Print only what runs from the line that includes "Wrangler Men's Relaxed Fit Jeans" to the end of the listing, word for word, and do not include any pictures.

- _DATASET EXTRACT_:
★ ★ ★ ★ ★

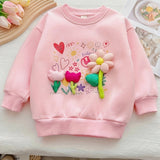 Kid Baby Girls Spring Autumn Casual Versatile Sweater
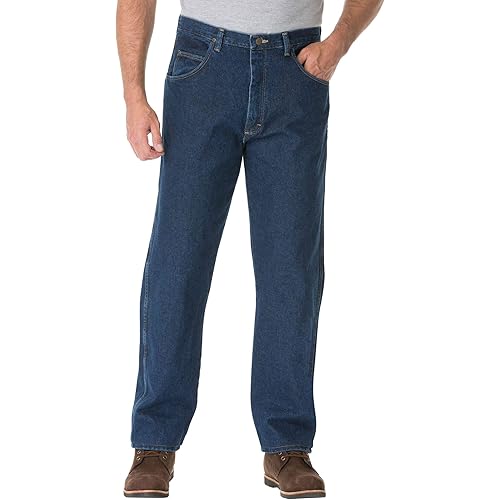 Wrangler Men's Relaxed Fit Jeans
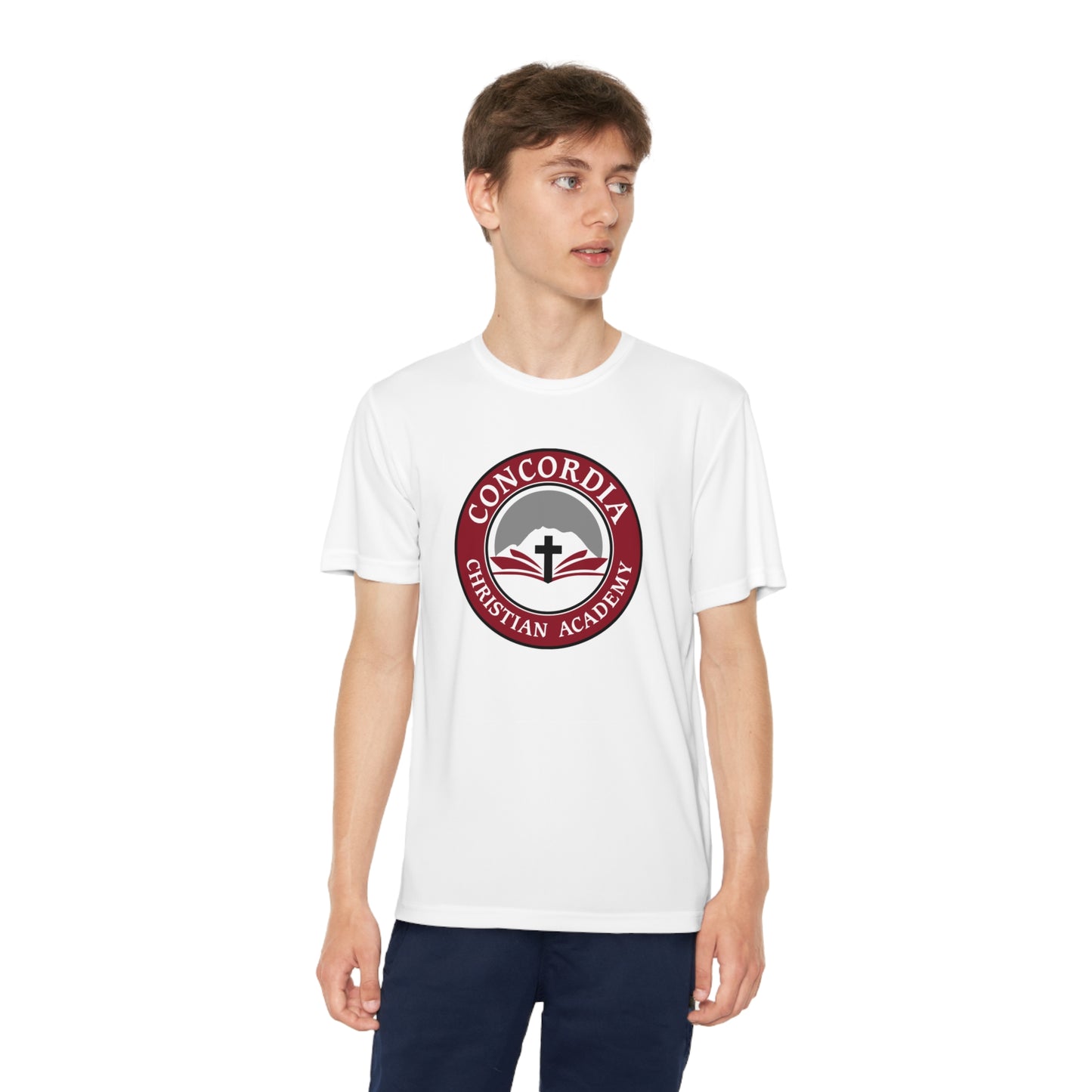 Concordia Christian Academy | Sport-Tek® Youth Active Tee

★ ★ ★ ★ ★

- _OUTPUT_:
 Wrangler Men's Relaxed Fit Jeans
 Concordia Christian Academy | Sport-Tek® Youth Active Tee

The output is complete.